O presidente do Partido Liberal (PL) na Bahia, João Roma, anunciou oficialmente neste sábado (26/08/2023) que o engenheiro Chico França será o pré-candidato do partido à prefeitura de Itabuna. A confirmação foi feita durante uma entrevista à Rádio Interativa FM, na qual Roma destacou a aliança e o aval do Dr. Mangabeira e da executiva do PL no estado da Bahia para essa indicação.
Roma ressaltou que a pré-candidatura de Chico França já tem repercutido positivamente em Itabuna. Ele explicou que o partido está em processo de estruturação na cidade e que, embora ainda não tenha sido marcado um evento para o lançamento oficial da candidatura, a filiação de França foi realizada e as propostas estão sendo construídas de forma alinhada. O líder do PL reforçou o compromisso de apresentar uma candidatura viável.

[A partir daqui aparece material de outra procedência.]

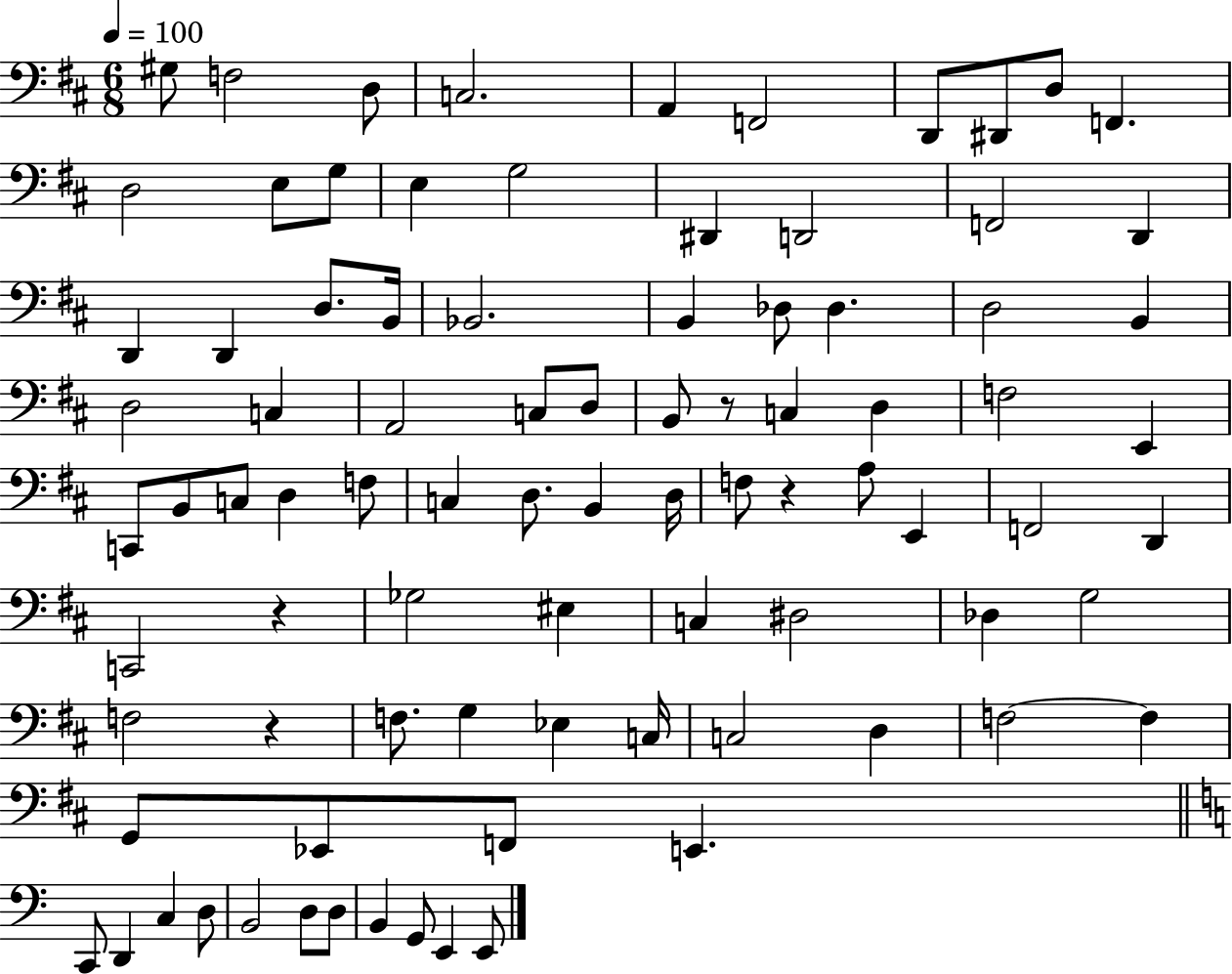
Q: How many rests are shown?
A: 4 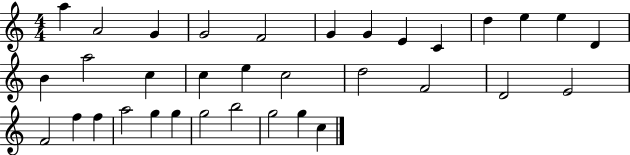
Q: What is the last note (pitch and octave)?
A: C5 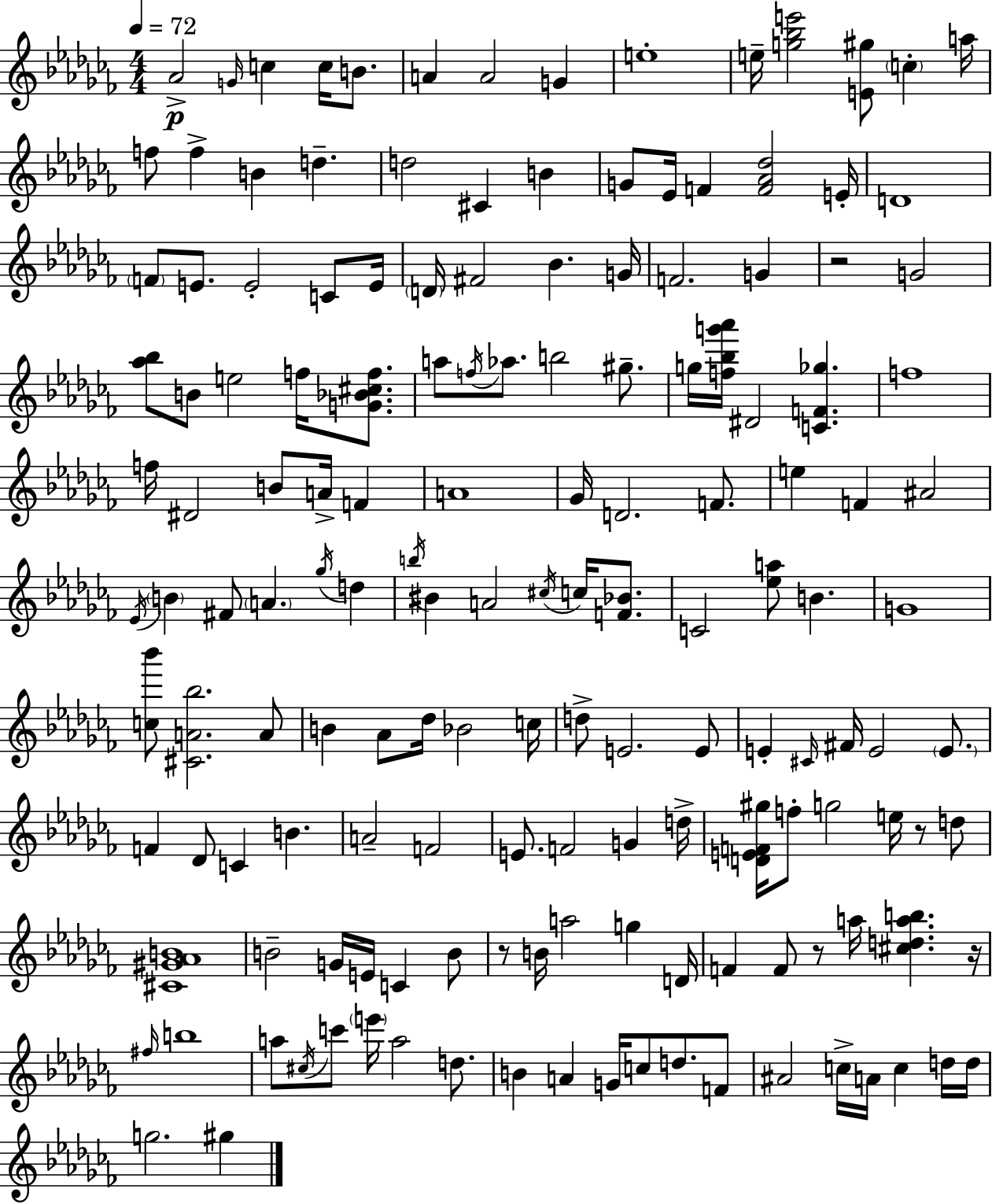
Ab4/h G4/s C5/q C5/s B4/e. A4/q A4/h G4/q E5/w E5/s [G5,Bb5,E6]/h [E4,G#5]/e C5/q A5/s F5/e F5/q B4/q D5/q. D5/h C#4/q B4/q G4/e Eb4/s F4/q [F4,Ab4,Db5]/h E4/s D4/w F4/e E4/e. E4/h C4/e E4/s D4/s F#4/h Bb4/q. G4/s F4/h. G4/q R/h G4/h [Ab5,Bb5]/e B4/e E5/h F5/s [G4,Bb4,C#5,F5]/e. A5/e F5/s Ab5/e. B5/h G#5/e. G5/s [F5,Bb5,G6,Ab6]/s D#4/h [C4,F4,Gb5]/q. F5/w F5/s D#4/h B4/e A4/s F4/q A4/w Gb4/s D4/h. F4/e. E5/q F4/q A#4/h Eb4/s B4/q F#4/e A4/q. Gb5/s D5/q B5/s BIS4/q A4/h C#5/s C5/s [F4,Bb4]/e. C4/h [Eb5,A5]/e B4/q. G4/w [C5,Bb6]/e [C#4,A4,Bb5]/h. A4/e B4/q Ab4/e Db5/s Bb4/h C5/s D5/e E4/h. E4/e E4/q C#4/s F#4/s E4/h E4/e. F4/q Db4/e C4/q B4/q. A4/h F4/h E4/e. F4/h G4/q D5/s [D4,E4,F4,G#5]/s F5/e G5/h E5/s R/e D5/e [C#4,G#4,Ab4,B4]/w B4/h G4/s E4/s C4/q B4/e R/e B4/s A5/h G5/q D4/s F4/q F4/e R/e A5/s [C#5,D5,A5,B5]/q. R/s F#5/s B5/w A5/e C#5/s C6/e E6/s A5/h D5/e. B4/q A4/q G4/s C5/e D5/e. F4/e A#4/h C5/s A4/s C5/q D5/s D5/s G5/h. G#5/q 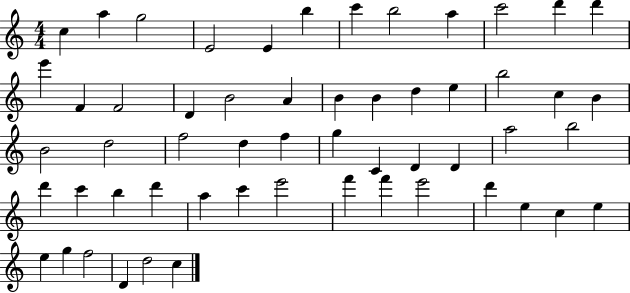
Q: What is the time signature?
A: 4/4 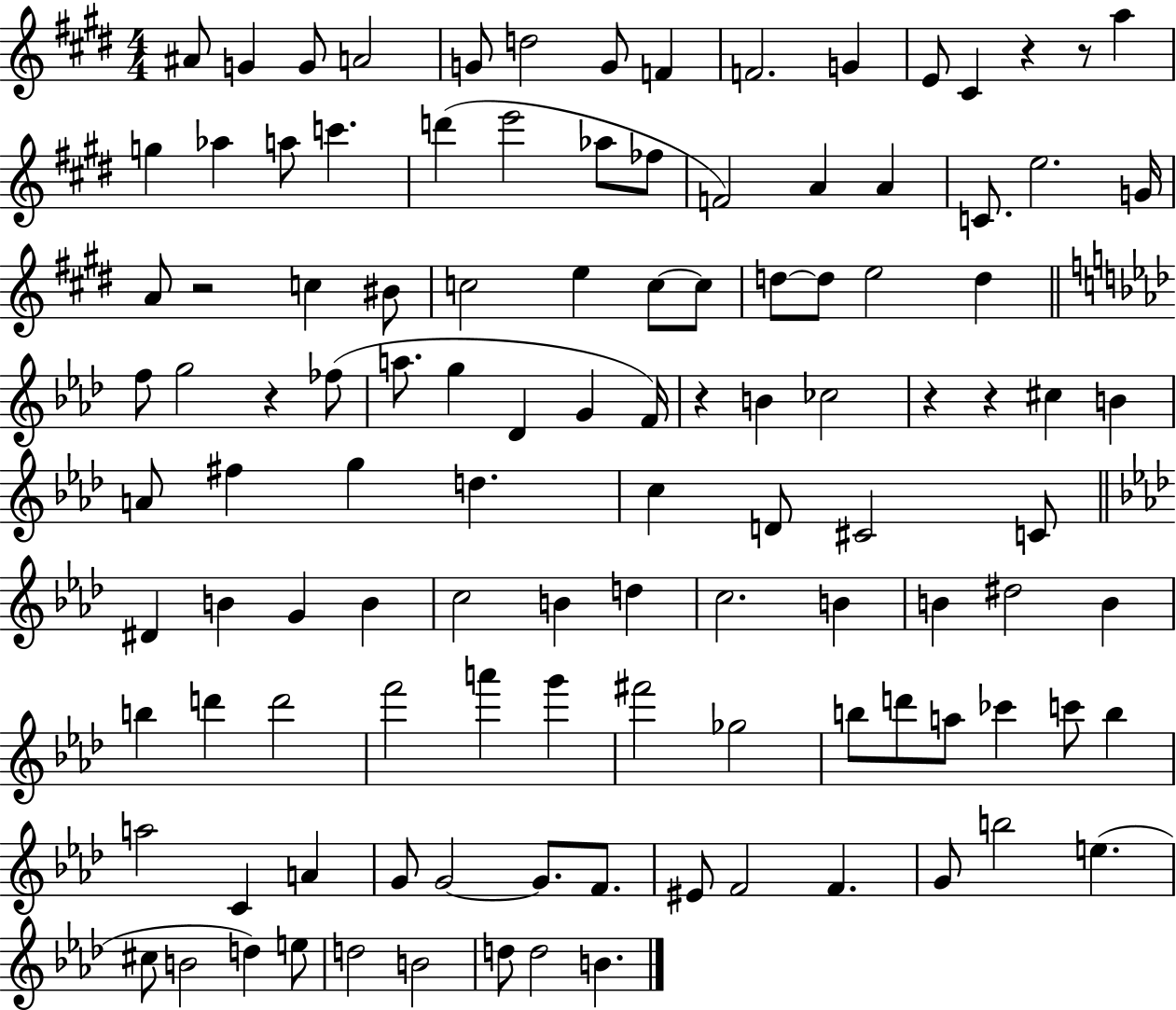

Durante a entrevista, João Roma também comentou sobre a situação financeira das prefeituras durante o governo anterior do PT. Ele mencionou que prefeitos de todo o país estão ressaltando a redução do repasse de recursos e destacou que, segundo sua avaliação, o governo Bolsonaro foi um período mais favorável para as prefeituras. Roma enfatizou que, em Itabuna, recursos foram enviados mesmo em momentos difíceis, independentemente da coloração partidária.
O ex-ministro da Cidadania também abordou a importância da participação da sociedade na vida pública, especialmente para garantir que as necessidades da população sejam atendidas. Ele fez críticas ao governo anterior e afirmou que o PL na Bahia está se organizando em torno das pautas que considera essenciais.
Sobre a inelegibilidade do ex-presidente Jair Bolsonaro, João Roma salientou que essa questão não define o cenário político para 2026. Ele mencionou a possibilidade de o governador de São Paulo, Tarcísio de Freitas, ser um presidenciável que defenda as bandeiras trazidas por Bolsonaro. Roma também expressou sua preocupação com a atuação do judiciário e a instabilidade que, segundo ele, o ativismo judicial pode causar na sociedade.
O presidente estadual do PL concluiu a entrevista reafirmando que o poder judiciário não afeta apenas um indivíduo, mas a sociedade como um todo. Ele criticou o que chamou de “poder judiciário persecutório” e afirmou que é importante valorizar os esforços de pessoas que contribuíram para o bem do povo brasileiro.